Six-time Olympic champion Natalie Geisenberger has announced the end of her luge career: “The moment has come for me to say: Thank you, that’s it.”
German winter sports are losing an exceptional athlete: Natalie Geisenberger, six-time Olympic champion, has announced the end of her career exclusively in Blickpunkt Sport. “I have decided to end my career and am looking forward to the winter as a television athlete,” said the Miesbacher on BR television. “I look back with two smiling eyes and look forward to the future with two smiling eyes. For me the moment has come to say: Thank you, that’s it.”
The 35-year-old has shaped an era in tobogganing: With her six Olympic gold medals, she is the most successful German Olympian. There are also nine world championship titles. She dominated the toboggan run like no other: Geisenberger won the overall World Cup eight times. “That was a mega, mega, mega, cool time.”

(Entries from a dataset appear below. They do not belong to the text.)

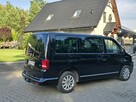 Volkswagen Multivan 2.0 TDi 180 KM / Zadbany - 12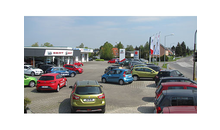 Kundenbild groß 3 Karosseriefachbetrieb Autohaus Roschk GmbH & Co. KG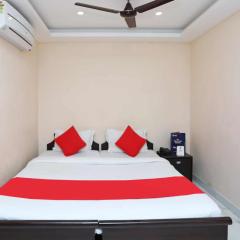 GRG White Palace Hotel & Resort New Alipore Kolkata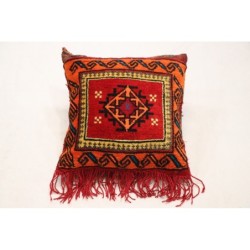 Nomadic Throw Cushion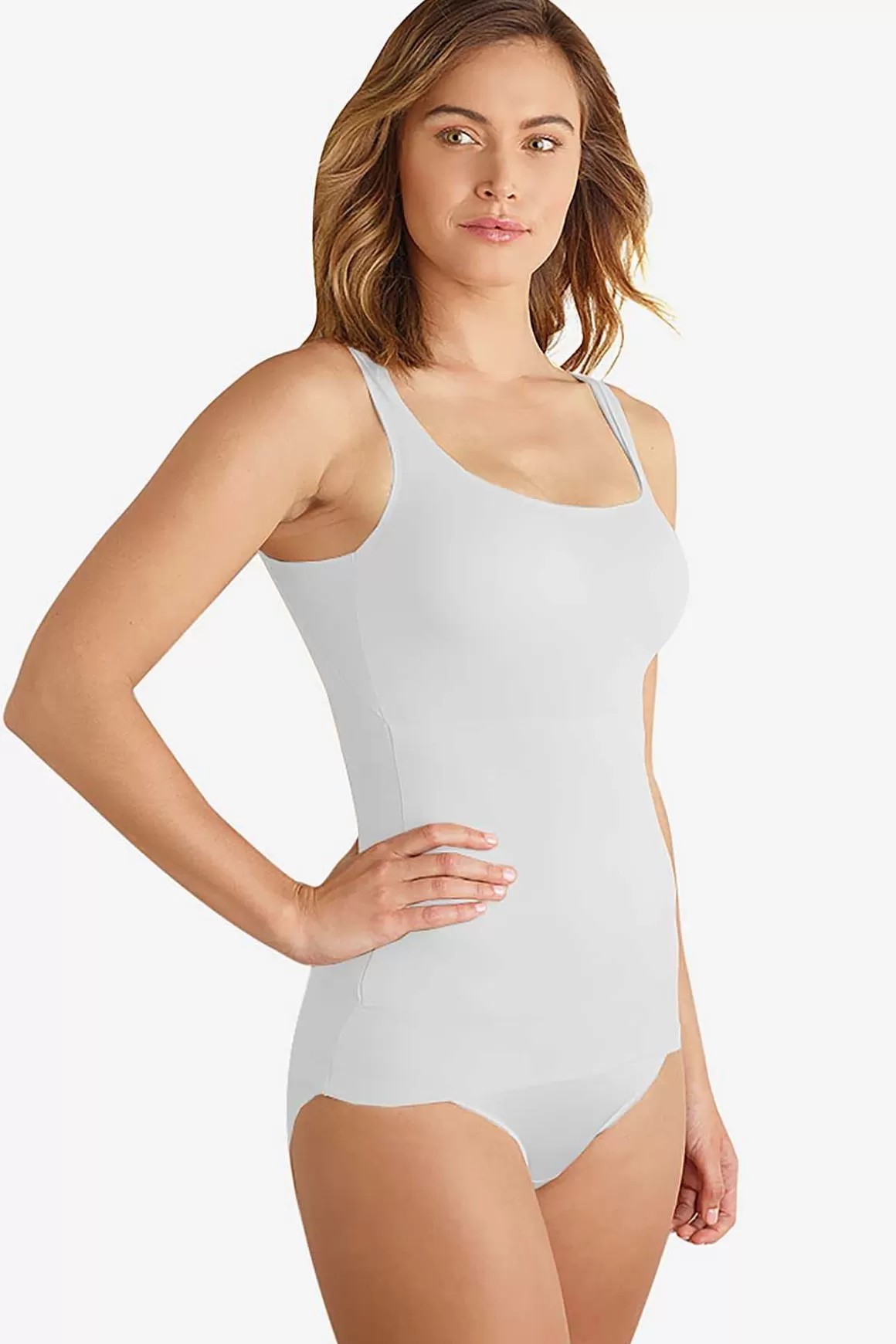 Miraclesuit Taillevormer<Prachtig Edge®-Hemdje Met Stevige Controle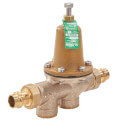 Product Image of 1/2" LF25AUB-DU-PR-Z3 Pressure Reducing Valve, Lead Free (Double Union Press)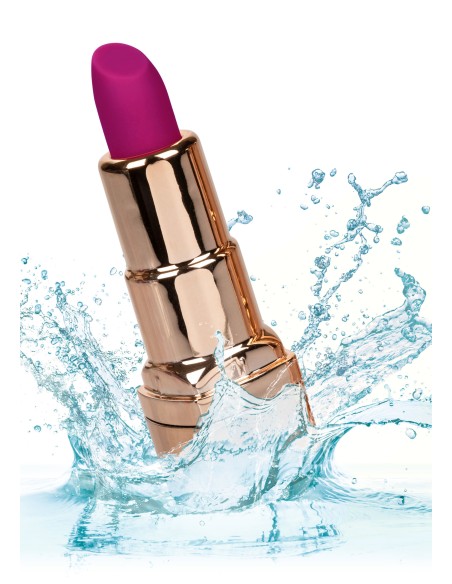 Vibro Lipstick 8cm Rose Vibro Lipstick 8cm Rose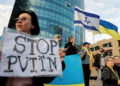 Expertos jurídicos israelíes la invasión rusa de Ucrania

Toboggan racing: “Love at second sight”
The enthusiasm for luge was still quite muted after her first ride on the racing sled. Her “toboggan-crazy teacher” at the Miesbach high school took her and other students to the track at Königssee. “Before my first toboggan ride, I was a skier – I could decide where to go and how fast it went. I couldn’t do that with tobogganing. I was just a passenger – I didn’t like that at first,” says the 35-year-old. year olds. “It was love at second sight. My father persuaded me to try it again. He would really like to watch tobogganing, and he doesn’t want to see Hackl Schorsch, but rather me,” smiles Geisenberger.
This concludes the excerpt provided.